The following day, Beowulf gets Hrothgar to admit that he had been able to keep Grendel calm for the last few years through child sacrifices, as his predecessor did with Hag: this is why there are no more children on the island. Beowulf decides then to look for Grendel on his own, and order Wulfgar to bomb the forest with burning barrels, to lure Grendel out. While the rest of the group stays behind and is ambushed by Grendel, Beowulf manages to shoot it in the head with one of the bolts and then pierce his heart. As proof of his death, he takes Grendel's arm with him.

Hrothgar is delighted with the result and generously rewards the heroes.

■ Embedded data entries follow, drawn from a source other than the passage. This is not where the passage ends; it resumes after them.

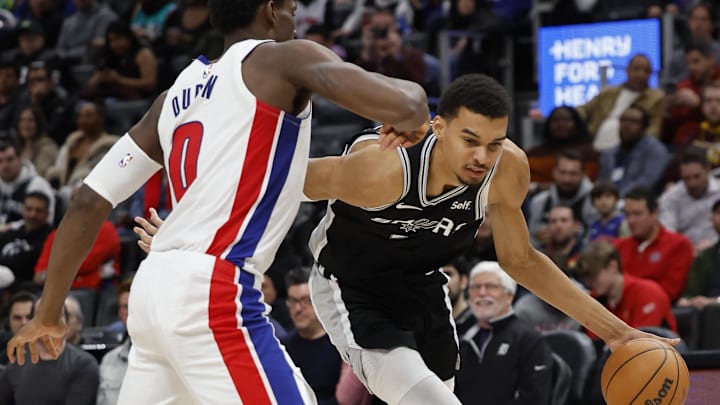   San Antonio Spurs center Victor Wembanyama (1) dribbles defended by Detroit Pistons center Jalen Duren (0) in the second half at Little Caesars Arena. Mandatory Credit: Rick Osentoski-Imagn Images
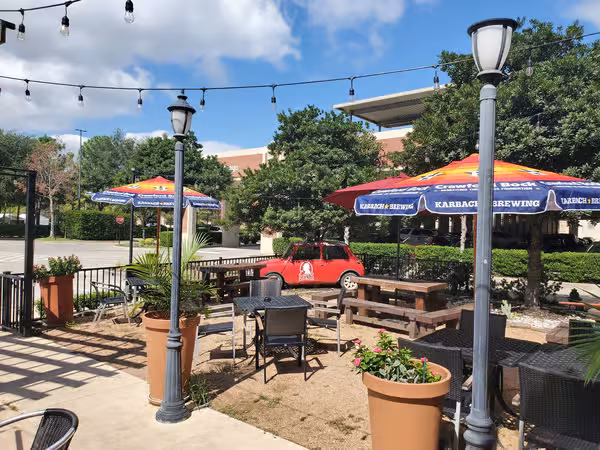 Outdoor patio with tables, Karbach Brewing umbrellas, string lights, and red car.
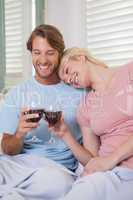 Happy couple sitting on couch with red wine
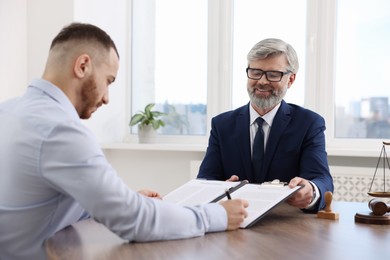 Client signing notarial paperwork during meeting with lawyer at wooden desk indoors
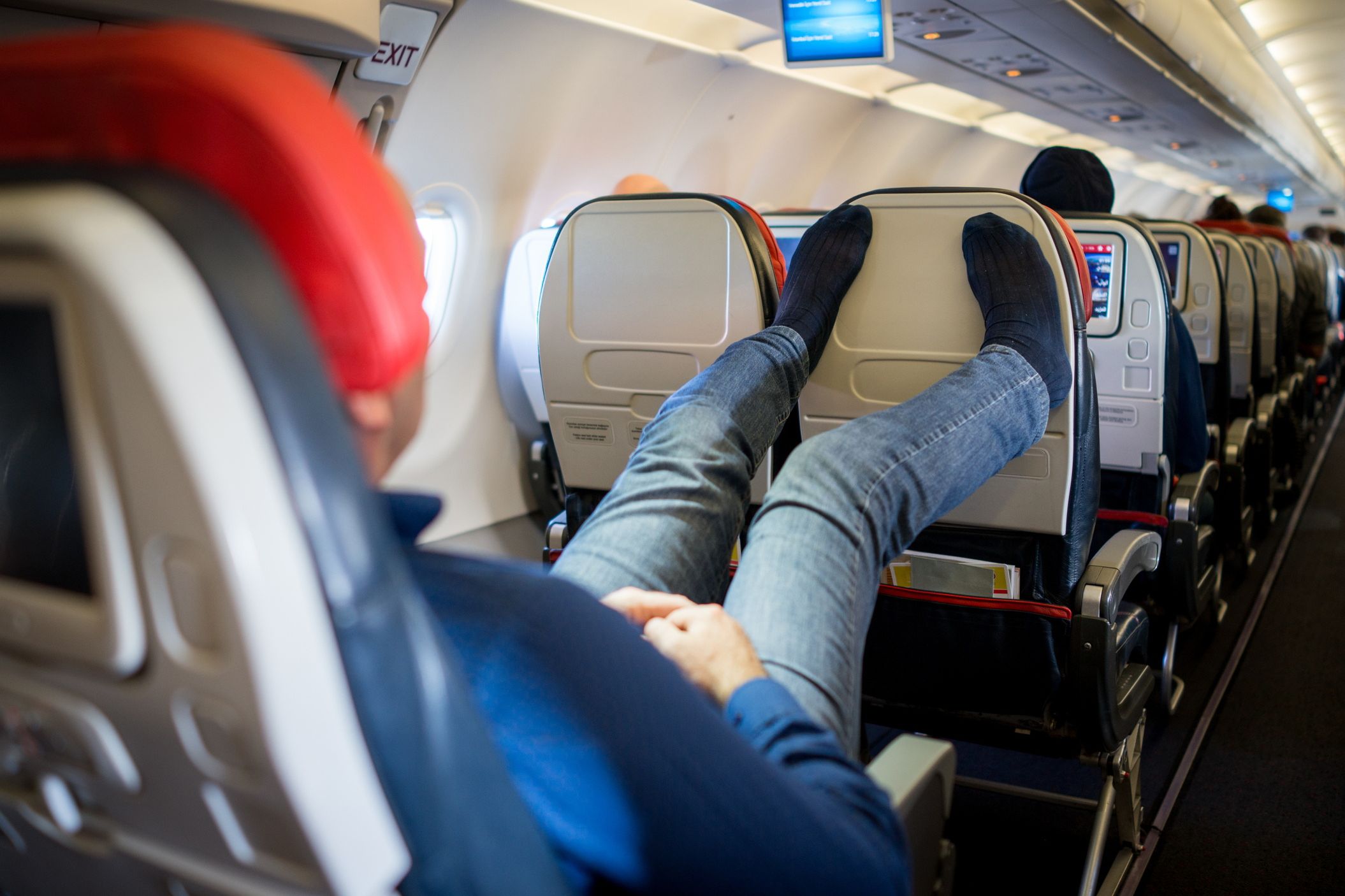 Discover the Top 15 Irritating Airplane Habits: From Arm Rest Hogs to Shoeless Travelers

While Beowulf and his people head for the ship to return home, it becomes clear that Grendel's mother, Hag, was never dead and now wants to avenge her son. She kidnaps Ingrid, prompting the royal family to call Beowulf back; Unferth and Finn, however, take up the chase separately. Ingrid frees herself, but now walks aimlessly in the forest; Unferth protects her from Hag, but pays for it with his life. While dying, he confesses his love for Ingrid and asks her to tell his parents that he is sorry for his brother's death and that he asks for forgiveness.

When Hag returns to capture Ingrid again, Finn jumps in between them and injures the monster, but Hag abducts him. Beowulf, Wulfgar and the royal couple arrive on site and Beowulf decides to hunt Hag alone; Hrothgar then recommends him to use the sword he will find at the entrance of Hag's cave. In the vicinity of the cave, he finds the sword and then the seriously injured Finn. Hag ambushes Beowulf, whose attempts to hit the flying monster fail, and throws him against a rock. Just before Hag can give Beowulf the fatal blow, Finn shoots her in the back with the crossbow. Hag then turns to Finn but Beowulf seizes the opportunity and beheads her with the sword. He brings the head to Hrothgar as proof and carry the seriously injured Finn to the village.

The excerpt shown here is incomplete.